**Work to be completed**
What you return should match the data below exactly, line for line.

Data to use Block Start

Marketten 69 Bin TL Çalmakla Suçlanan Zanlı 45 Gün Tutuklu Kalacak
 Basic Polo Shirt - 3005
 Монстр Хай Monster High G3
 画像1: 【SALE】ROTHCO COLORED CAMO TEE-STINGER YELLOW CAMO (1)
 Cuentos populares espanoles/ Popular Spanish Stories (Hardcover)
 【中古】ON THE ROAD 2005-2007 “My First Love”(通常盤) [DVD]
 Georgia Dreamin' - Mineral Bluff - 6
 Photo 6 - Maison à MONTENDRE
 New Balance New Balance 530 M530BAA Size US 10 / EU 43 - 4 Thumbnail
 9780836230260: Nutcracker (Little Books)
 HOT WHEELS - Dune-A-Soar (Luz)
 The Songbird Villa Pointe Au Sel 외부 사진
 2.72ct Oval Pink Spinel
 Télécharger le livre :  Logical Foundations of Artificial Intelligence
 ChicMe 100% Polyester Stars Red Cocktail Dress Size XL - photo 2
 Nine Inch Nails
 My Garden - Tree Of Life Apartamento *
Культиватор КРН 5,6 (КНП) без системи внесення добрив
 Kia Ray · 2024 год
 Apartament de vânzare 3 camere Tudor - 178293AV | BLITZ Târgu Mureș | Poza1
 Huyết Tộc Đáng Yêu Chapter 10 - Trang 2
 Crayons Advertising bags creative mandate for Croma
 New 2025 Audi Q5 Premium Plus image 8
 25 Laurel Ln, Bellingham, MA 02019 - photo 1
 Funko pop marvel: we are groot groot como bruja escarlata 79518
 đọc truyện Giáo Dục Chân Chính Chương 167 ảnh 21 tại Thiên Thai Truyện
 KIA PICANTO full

Data to use Block End

**The answer**
Marketten 69 Bin TL Çalmakla Suçlanan Zanlı 45 Gün Tutuklu Kalacak
 Basic Polo Shirt - 3005
 Монстр Хай Monster High G3
 画像1: 【SALE】ROTHCO COLORED CAMO TEE-STINGER YELLOW CAMO (1)
 Cuentos populares espanoles/ Popular Spanish Stories (Hardcover)
 【中古】ON THE ROAD 2005-2007 “My First Love”(通常盤) [DVD]
 Georgia Dreamin' - Mineral Bluff - 6
 Photo 6 - Maison à MONTENDRE
 New Balance New Balance 530 M530BAA Size US 10 / EU 43 - 4 Thumbnail
 9780836230260: Nutcracker (Little Books)
 HOT WHEELS - Dune-A-Soar (Luz)
 The Songbird Villa Pointe Au Sel 외부 사진
 2.72ct Oval Pink Spinel
 Télécharger le livre :  Logical Foundations of Artificial Intelligence
 ChicMe 100% Polyester Stars Red Cocktail Dress Size XL - photo 2
 Nine Inch Nails
 My Garden - Tree Of Life Apartamento *
Культиватор КРН 5,6 (КНП) без системи внесення добрив
 Kia Ray · 2024 год
 Apartament de vânzare 3 camere Tudor - 178293AV | BLITZ Târgu Mureș | Poza1
 Huyết Tộc Đáng Yêu Chapter 10 - Trang 2
 Crayons Advertising bags creative mandate for Croma
 New 2025 Audi Q5 Premium Plus image 8
 25 Laurel Ln, Bellingham, MA 02019 - photo 1
 Funko pop marvel: we are groot groot como bruja escarlata 79518
 đọc truyện Giáo Dục Chân Chính Chương 167 ảnh 21 tại Thiên Thai Truyện
 KIA PICANTO full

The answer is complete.